*Task*:
All that is needed is the run of lines from the top of the entries to the line with "You'll have love", that line included, repeated exactly and free of pictures.

[Records from a dataset]
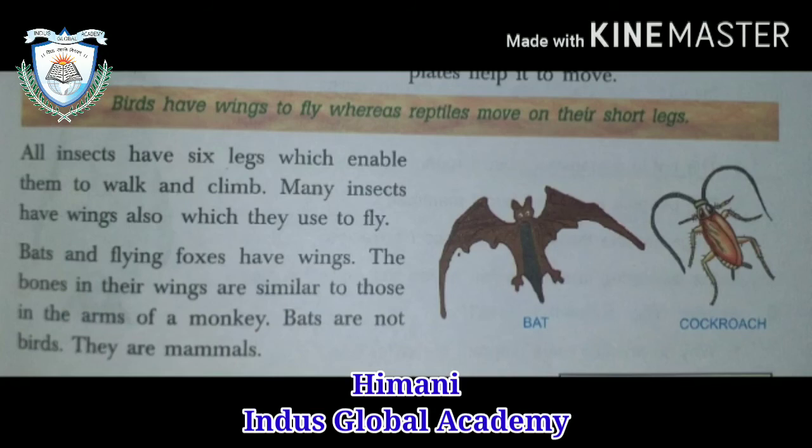Birds have wings to fly, whereas reptiles move on their short legs. All insects have six legs — three pairs — which help them to walk and climb. Many insects also have wings so that they can fly. Birds and flying foxes have wings, but the bones in their wings are similar to a monkey's arms. That is why bats are not birds — they are mammals.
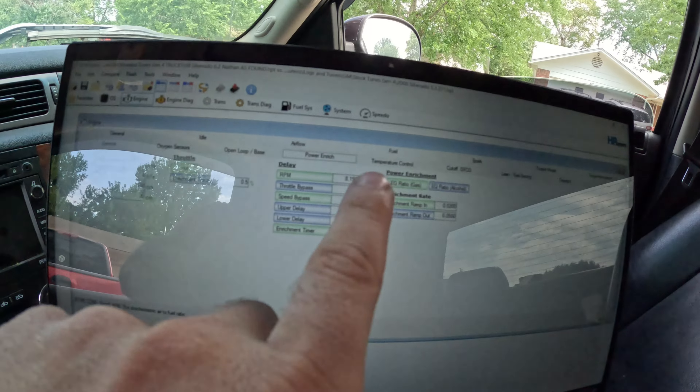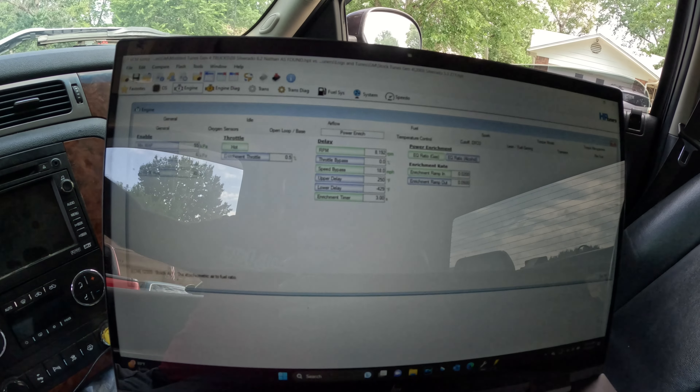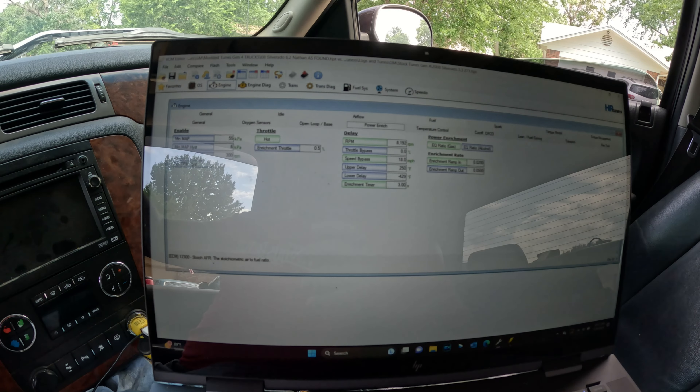He pulls up today and I said before we leave let me double check this tune, just make sure it's something I can fix. I've never seen or heard of a tuner purposely sabotaging something like this. What they did was lower the timing a lot and made power enrichment come on at 8,000 RPM — so it'll never come on.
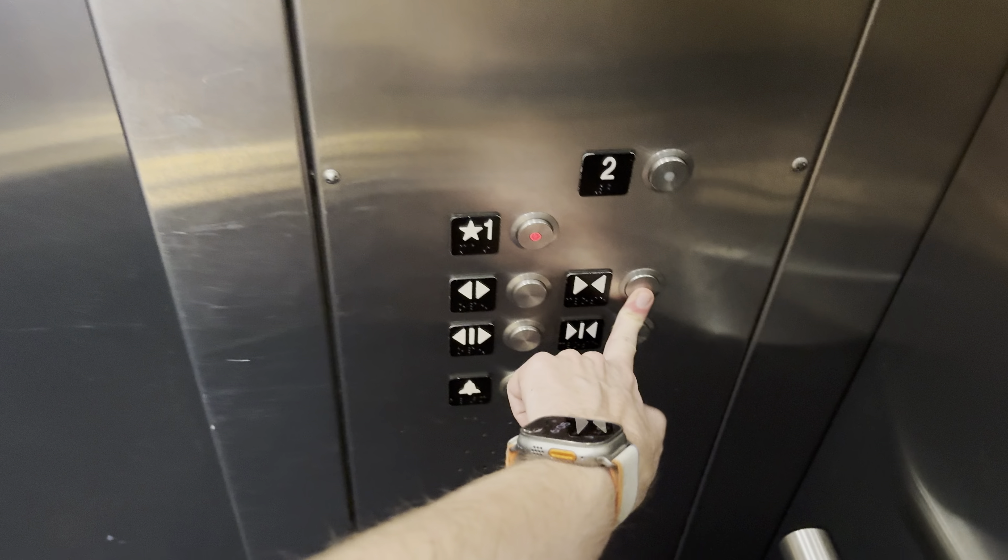This is elevator number two here at Odyssey Aquarium in Scottsdale, Arizona. It's a Schindler. Here we go. Here it is, still in there.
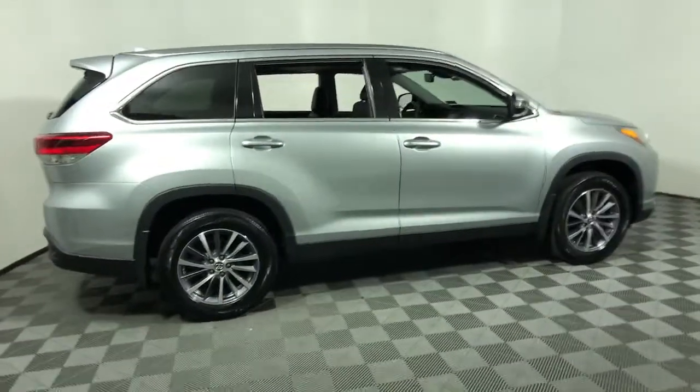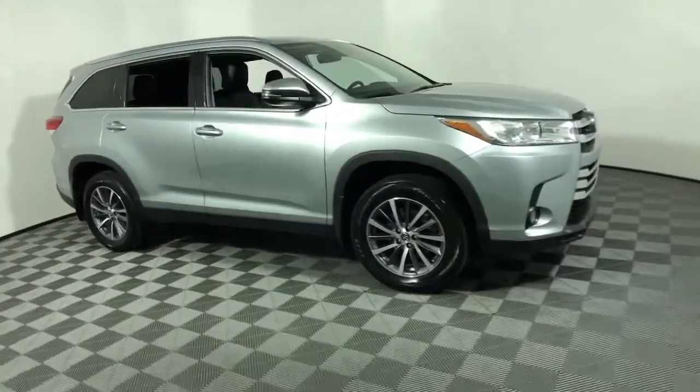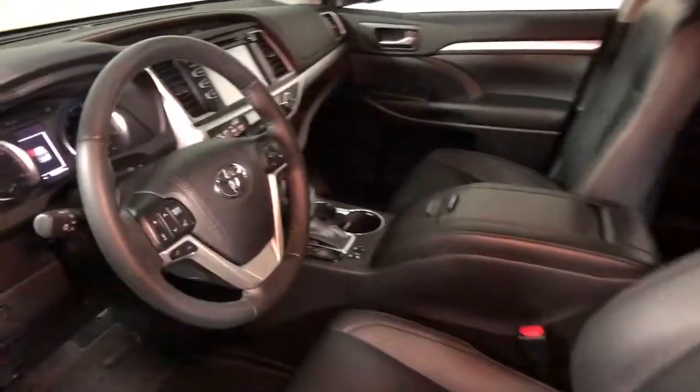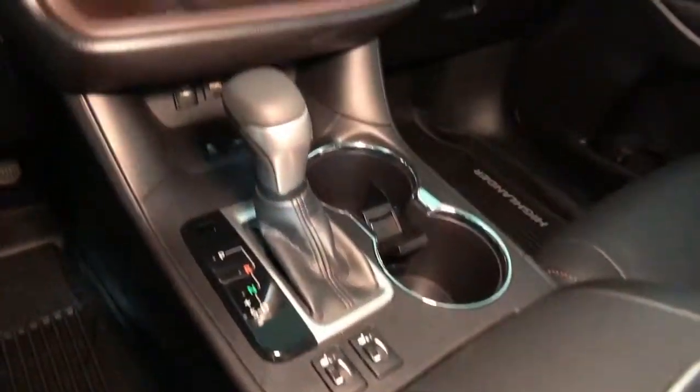You'll have love at first sight with the 2019 Toyota Highlander. With less than 20,000 miles on the odometer, this vehicle provides excellent value. This smooth-riding, solidly-built Highlander is ready to meet your family's needs.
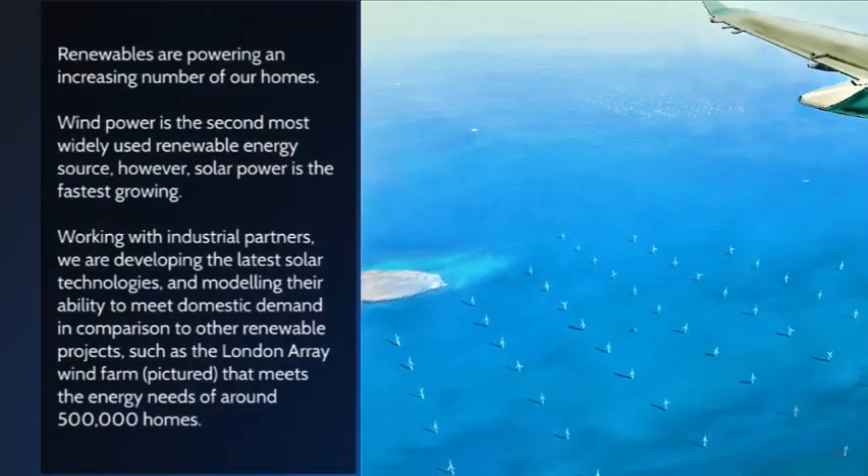Renewables are powering an increasing number of our homes. Wind power is the second most widely used renewable energy source. However, solar power is the fastest growing. Working with industrial partners, we are developing the latest solar technologies and modelling their ability to meet domestic demand in comparison to other renewable projects, such as the London Array wind farm, pictured here, that meets the energy needs of around half a million homes.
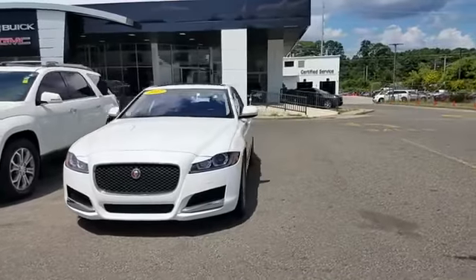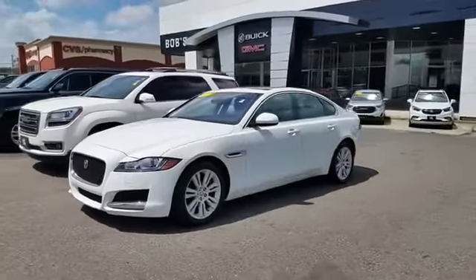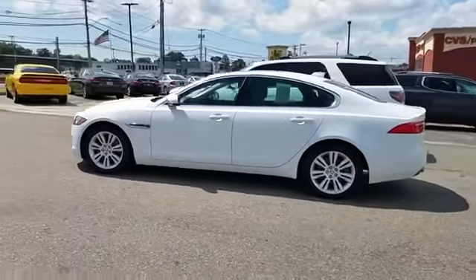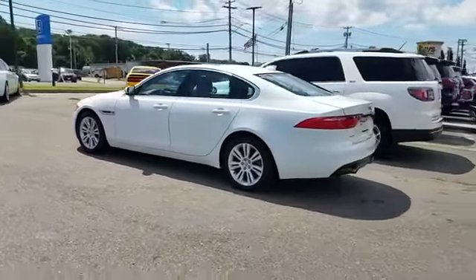2017 Jaguar XF with less than 30,000 miles on the odometer. This sedan combines safety and comfort with style and performance.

*Answer below*:
Birds have wings to fly, whereas reptiles move on their short legs. All insects have six legs — three pairs — which help them to walk and climb. Many insects also have wings so that they can fly. Birds and flying foxes have wings, but the bones in their wings are similar to a monkey's arms. That is why bats are not birds — they are mammals.
He pulls up today and I said before we leave let me double check this tune, just make sure it's something I can fix. I've never seen or heard of a tuner purposely sabotaging something like this. What they did was lower the timing a lot and made power enrichment come on at 8,000 RPM — so it'll never come on.
This is elevator number two here at Odyssey Aquarium in Scottsdale, Arizona. It's a Schindler. Here we go. Here it is, still in there.
You'll have love at first sight with the 2019 Toyota Highlander. With less than 20,000 miles on the odometer, this vehicle provides excellent value. This smooth-riding, solidly-built Highlander is ready to meet your family's needs.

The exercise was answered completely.